7 Then after this he said to the disciples, ‘Let us go to Judea again.’ 8The disciples said to him, ‘Rabbi, the Jews were just now trying to stone you, and are you going there again?’ 9Jesus answered, ‘Are there not twelve hours of daylight? Those who walk during the day do not stumble, because they see the light of this world. 10But those who walk at night stumble, because the light is not in them.’ 11After saying this, he told them, ‘Our friend Lazarus has fallen asleep, but I am going there to awaken him.’ 12The disciples said to him, ‘Lord, if he has fallen asleep, he will be all right.’ 13Jesus, however, had been speaking about his death, but they thought that he was referring merely to sleep. 14Then Jesus told them plainly, ‘Lazarus is dead. 15For your sake I am glad I was not there, so that you may believe. But let us go to him.’ 16Thomas, who was called the Twin, said to his fellow-disciples, ‘Let us also go, that we may die with him.’

17 When Jesus arrived, he found that Lazarus had already been in the tomb for four days. 18Now Bethany was near Jerusalem, some two miles away, 19and many of the Jews had come to Martha and Mary to console them about their brother. 20When Martha heard that Jesus was coming, she went and met him, while Mary stayed at home. 21Martha said to Jesus, ‘Lord, if you had been here, my brother would not have died. 22But even now I know that God will give you whatever you ask of him.’ 23Jesus said to her, ‘Your brother will rise again.’ 24Martha said to him, ‘I know that he will rise again in the resurrection on the last day.’ 25Jesus said to her, ‘I am the resurrection and the life. Those who believe in me, even though they die, will live, 26and everyone who lives and believes in me will never die. Do you believe this?’ 27She said to him, ‘Yes, Lord, I believe that you are the Messiah, the Son of God, the one coming into the world.’

28 When she had said this, she went back and called her sister Mary, and told her privately, ‘The Teacher is here and is calling for you.’ 29And when she heard it, she got up quickly and went to him. 30Now Jesus had not yet come to the village, but was still at the place where Martha had met him. 31The Jews who were with her in the house, consoling her, saw Mary get up quickly and go out.
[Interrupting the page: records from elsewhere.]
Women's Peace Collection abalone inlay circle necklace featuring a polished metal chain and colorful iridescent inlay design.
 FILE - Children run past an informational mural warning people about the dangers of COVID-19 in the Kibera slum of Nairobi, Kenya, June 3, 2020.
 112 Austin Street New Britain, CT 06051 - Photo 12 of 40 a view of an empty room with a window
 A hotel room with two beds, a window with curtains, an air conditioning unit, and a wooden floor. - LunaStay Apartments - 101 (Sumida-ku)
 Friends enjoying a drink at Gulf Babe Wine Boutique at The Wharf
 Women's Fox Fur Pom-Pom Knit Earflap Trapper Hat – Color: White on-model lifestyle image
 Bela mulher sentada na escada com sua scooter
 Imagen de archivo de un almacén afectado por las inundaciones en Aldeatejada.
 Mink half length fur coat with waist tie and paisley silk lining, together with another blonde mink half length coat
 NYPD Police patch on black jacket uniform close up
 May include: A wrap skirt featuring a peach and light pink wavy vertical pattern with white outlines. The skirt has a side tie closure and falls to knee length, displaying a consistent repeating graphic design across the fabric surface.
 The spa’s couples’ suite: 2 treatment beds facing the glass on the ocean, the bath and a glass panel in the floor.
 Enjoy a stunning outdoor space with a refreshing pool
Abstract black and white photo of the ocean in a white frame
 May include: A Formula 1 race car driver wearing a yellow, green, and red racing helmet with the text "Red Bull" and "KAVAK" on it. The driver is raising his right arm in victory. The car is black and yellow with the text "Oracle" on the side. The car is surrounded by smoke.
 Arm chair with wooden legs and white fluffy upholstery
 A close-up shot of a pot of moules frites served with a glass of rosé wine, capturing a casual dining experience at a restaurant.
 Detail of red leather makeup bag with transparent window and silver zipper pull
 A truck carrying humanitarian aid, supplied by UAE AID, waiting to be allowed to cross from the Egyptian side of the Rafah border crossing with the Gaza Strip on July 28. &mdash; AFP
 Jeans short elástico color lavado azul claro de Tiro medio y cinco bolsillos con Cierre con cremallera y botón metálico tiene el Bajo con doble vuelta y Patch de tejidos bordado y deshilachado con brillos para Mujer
They followed her because they thought that she was going to the tomb to weep there. 32When Mary came where Jesus was and saw him, she knelt at his feet and said to him, ‘Lord, if you had been here, my brother would not have died.’ 33When Jesus saw her weeping, and the Jews who came with her also weeping, he was greatly disturbed in spirit and deeply moved. 34He said, ‘Where have you laid him?’ They said to him, ‘Lord, come and see.’ 35Jesus began to weep. 36So the Jews said, ‘See how he loved him!’ 37But some of them said, ‘Could not he who opened the eyes of the blind man have kept this man from dying?’

38 Then Jesus, again greatly disturbed, came to the tomb. It was a cave, and a stone was lying against it. 39Jesus said, ‘Take away the stone.’ Martha, the sister of the dead man, said to him, ‘Lord, already there is a stench because he has been dead for four days.’ 40Jesus said to her, ‘Did I not tell you that if you believed, you would see the glory of God?’ 41So they took away the stone. And Jesus looked upwards and said, ‘Father, I thank you for having heard me. 42I knew that you always hear me, but I have said this for the sake of the crowd standing here, so that they may believe that you sent me.’ 43When he had said this, he cried with a loud voice, ‘Lazarus, come out!’ 44The dead man came out, his hands and feet bound with strips of cloth, and his face wrapped in a cloth. Jesus said to them, ‘Unbind him, and let him go.’ 45 Many of the Jews therefore, who had come with Mary and had seen what Jesus did, believed in him.